There is a petrol DIG-T 115PS and 190PS; the 115PS has a 0-62mph time of 10.8 seconds and can hit near the 50mpg mark in fuel economy.
If you want to go down the performance route then the Juke NISMO RS is an option producing 218PS with 280Nm of torque and plenty of interior and exterior racy design features.
The Juke isn’t bad to drive as it offers plenty of responsive, solid handling but it isn’t always a comfortable ride as it’s too firm and any slight pot hole can make you feel like you’ve driven over a crater. It seems to fair better hoovering up the motorway miles.
It can handle any sort of terrain you throw at it thanks to the All Mode 4x4-i system which gives you plenty of traction in certain road conditions with the handy Torque Vectoring system also aiding in helping when you need to feel in control of the car by giving the right amount of power to the right wheels.
It’s not the most refined of cars, both petrol and diesel engines can be quite loud, but road and wind noise seems to be well insulated from the interior, which makes motorway journeys a lot more pleasant.
In the car
Nissan really want to make the Juke all about personalisation to reflect the buyer, so if you like to make a statement then the Nissan Design Studio will help you personalise your Juke adding different colours to both the interior and exterior to tailor it to your specification. You can alter an array of items such as the centre console, air vent rings, steering wheel stitching, even the bumper.
Behind the wheel Nissan have made sure that not only are seats comfortable, the driver benefits from a higher seat position for better visibility but that the cabin offers plenty of space up front.
Although the climate control display panel does look a bit dated the Juke features for technology lovers the Nissan Connect system which links to social media apps, entertainment and is controlled through a 5.8-inch touchscreen. This features all media, navigation and 360 degree camera views when parking using their Around View Monitor.

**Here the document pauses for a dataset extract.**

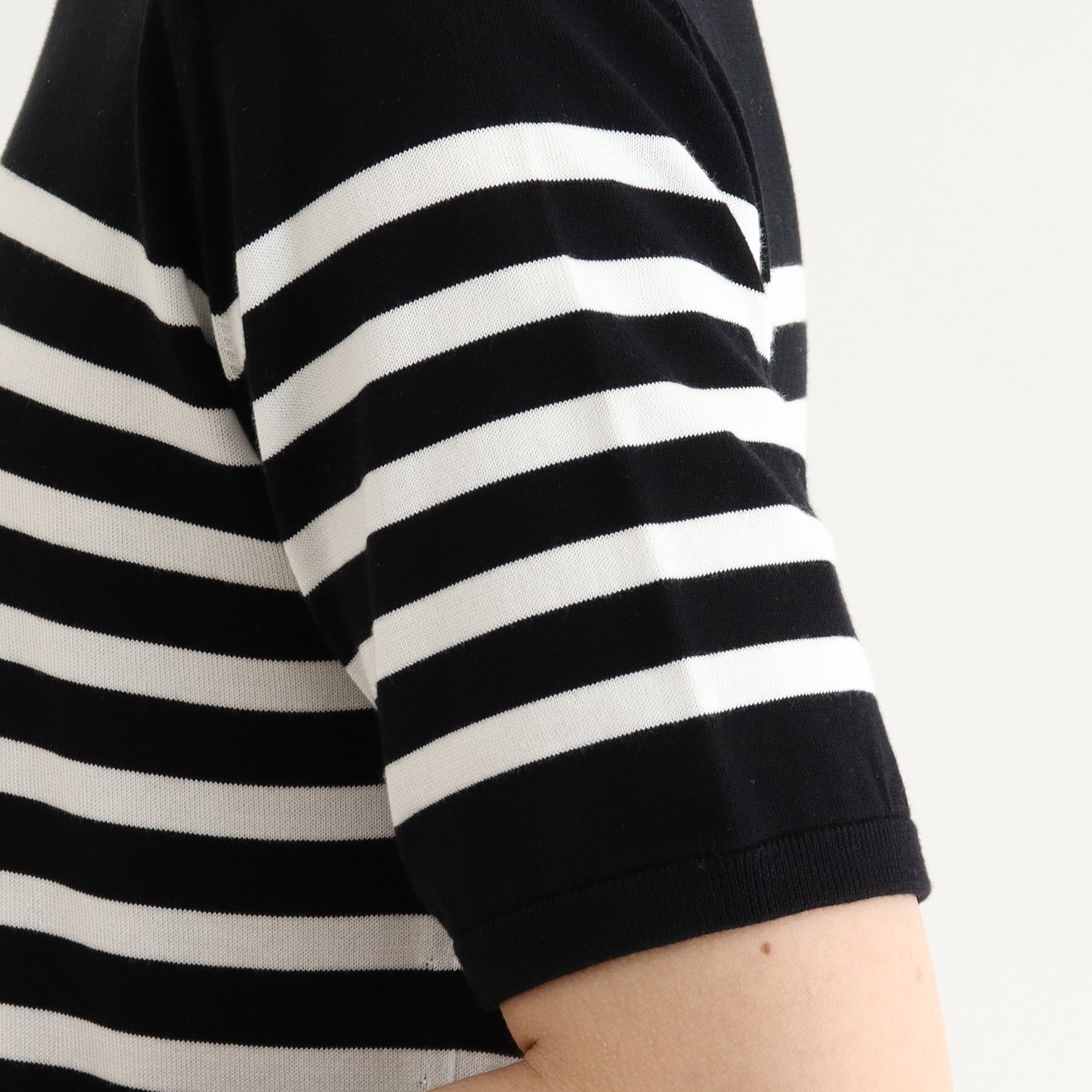 スビンプラチナムボーダーニットブラックホワイトの袖を写したメンズ着用画像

After feedback from owners one of the more significant changes Nissan made was to boot space. This was increased by 40% on two-wheel drive models to 354-litres, so finally it could cope with a few more bits of luggage, but although that has been increased, it definitely lacks in head and leg room if you’re sat in the rear, so it’s better suited to having children in the back.
There is the option of a panoramic glass roof to give the compact car extra feeling of light and space.

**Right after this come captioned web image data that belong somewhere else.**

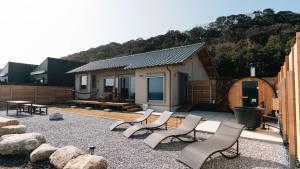 a patio with a group of chairs and a house at SAKURA YAKUSHIMA in Yakushima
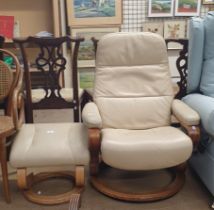 An upholstered swivel chair together with a footstool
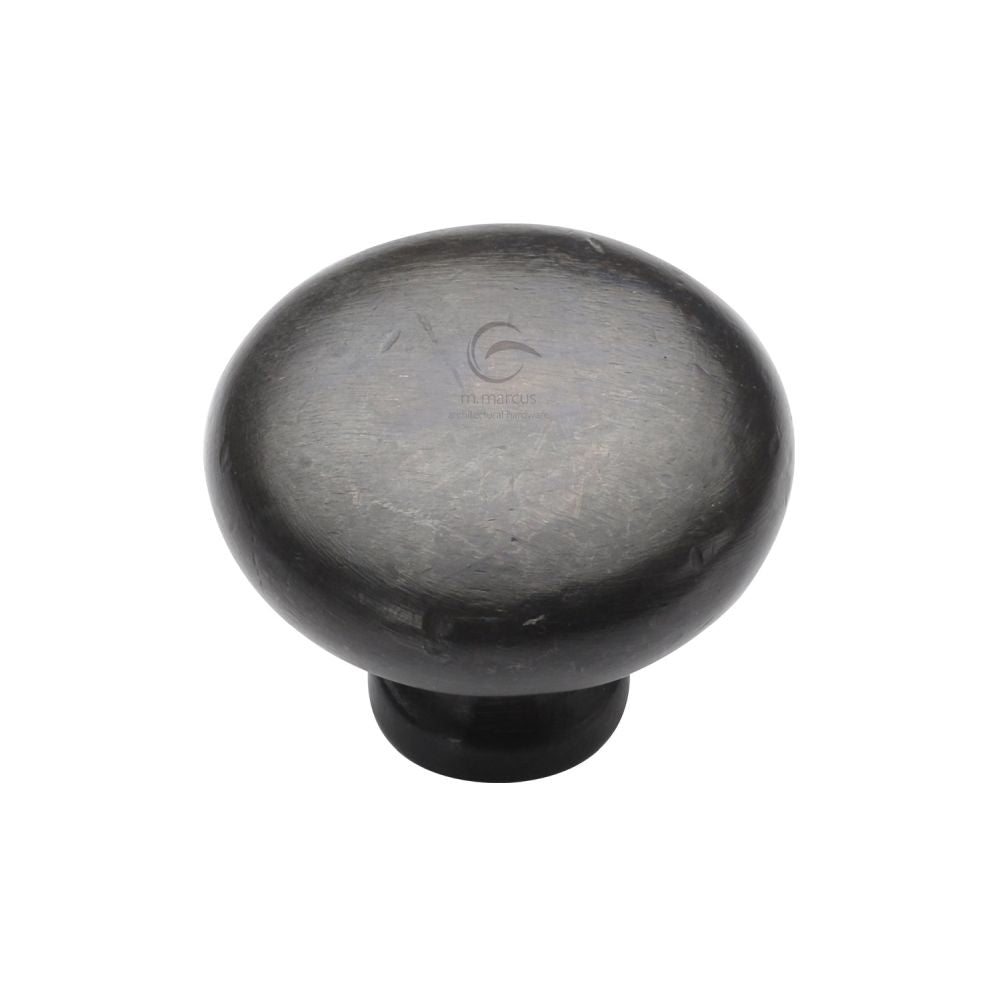 This is an image of a M.Marcus - Rustic Dark Bronze Cabinet Knob Round Design 32mm, rdb117-32 that is available to order from T.H Wiggans Ironmongery in Kendal.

The entry-level Juke starts from £13,930 while the manual Nismo RS will set you back £21,995. It comes with 3 year or 60,000 miles warranty which includes paint and anti-corrosion. Nissan know they have a hit with the Juke and the next generation will be built at the manufacturer’s UK plant at Sunderland.

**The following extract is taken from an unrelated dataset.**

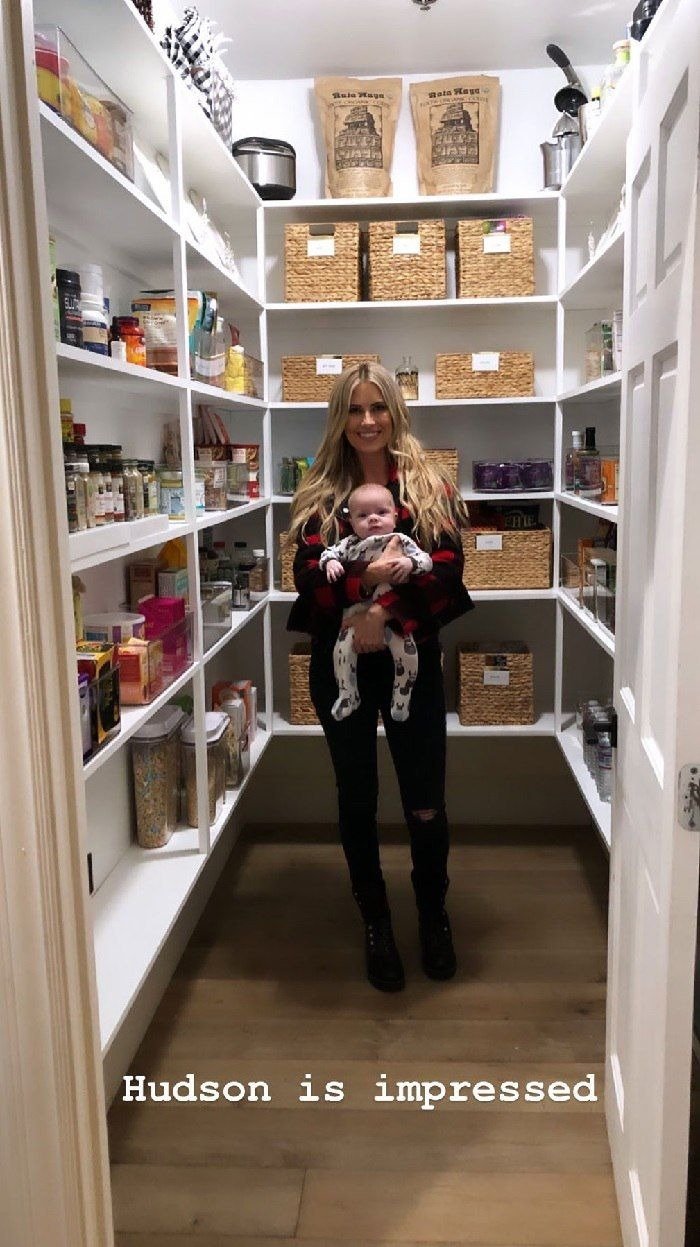 Christina Anstead poses in her professionally organize pantry with her son, Hudson London Anstead | Source: Instagram.com/christinaanstead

With Nissan focussing on providing more fuel efficient engines, expect running costs to be low across the range with CO2 emissions as low as 104g/km for the 110PS diesel then road tax will cost just £20 annually, but there aren’t any versions that are VED exempt.
The only gripe with the Nissan Juke is the amount of plastic inside it, but once it has been personalised with bright colours abounding about the cabin it just makes the model lack in premium quality which is a shame as it’s a great little car.
The Juke hasn’t done so well when it comes to how happy owners are with the model and the practicality seems to be the major negative. While it performs better in reliability surveys these are definitely areas that Nissan need to improve upon for the next generation.
The Nissan Juke scored the maximum five stars in the Euro NCAP ratings in 2011 with 87% for adult protection and 81% for children.
With airbags, ISOFIX points, a tyre pressure monitoring system and an alarm and immobiliser the Juke has good levels of both safety and security.
Nissan’s Safety Shield system includes the Around View Monitor, lane departure warning and blind spot warning and moving object detection, ideal when you’re reversing out of a space with limited visibility.